Social issues and spacial anxiety aside, Morgan had a rather happy, lower middle-class life until the age of twelve, when his father died of a heart attack, leaving a traumatized widow and a very trouble child behind. For the next four years, he and his mother struggled through, moving to May's hometown of Bangor, Maine, even as they both fell deeper and deeper into their own mental hells. For Morgan, it was at least a little bit easier, having discovered a vein of real talent for the visual arts. That was how he kept himself relatively together and out of any long-term doctors' care while he continued his self-appointed task of caring for his mother until, finally, she simply cracked and there was nothing left for him to do. With his mother institutionalized and no living relatives, Morgan found himself dropped into the foster care system with nothing to hold on to save for his love of art and what little contact he was allowed with his mother. It was only a year in that he realized his foster family was beginning to recognize the fact he was probably just as crazy as his mom, just in different ways. Oh, if they'd only known the half of it.

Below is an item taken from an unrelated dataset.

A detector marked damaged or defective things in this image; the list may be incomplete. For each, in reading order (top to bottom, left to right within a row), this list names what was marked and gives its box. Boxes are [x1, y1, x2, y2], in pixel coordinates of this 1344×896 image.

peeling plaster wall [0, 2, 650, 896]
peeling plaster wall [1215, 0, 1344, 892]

It had started when he was twelve, right after the death of his father, but it had only come in spurts then. Sometimes, when he was feeling particularly lonely or exhausted from trying to hold his mother together, the pictures in his books or scribbled on scraps of paper would come to life. They were only little things, then, sometimes not even capable of pulling themselves from the paper, and they never lasted for long, like any childhood flights of fancy. As he grew older, however, what he came to term his "golems" grew stronger and lived longer, even as he struggled to keep himself from following in his mother's footsteps, and suddenly his ownly outlet became a new form of torment.
So, in early spring of 1959, when the neighbors' daughter, Angelique, the only "true friend" he felt he had ever even begun to make, suggested they run away from home, he didn't need a whole lot of convincing. She had her own reasons and he had his, so they struck out on their own, headed in no particular direction and with little on their minds save for staying out of trouble. Angelique, unfortunately, was not terribly good at staying out of anything. Getting mixed up with all the wrong people in every little town or big city they passed through, she was a quick pick for a drug habit and regularly invited the worst kinds of people to travel with them, forcing Morgan to join her in sneaking away into the dark on a fairly regular basis. The only upside to this was that the only person to actually spend any great deal of time around him was in no state to actually notice that his artwork really did have a habit of coming to life.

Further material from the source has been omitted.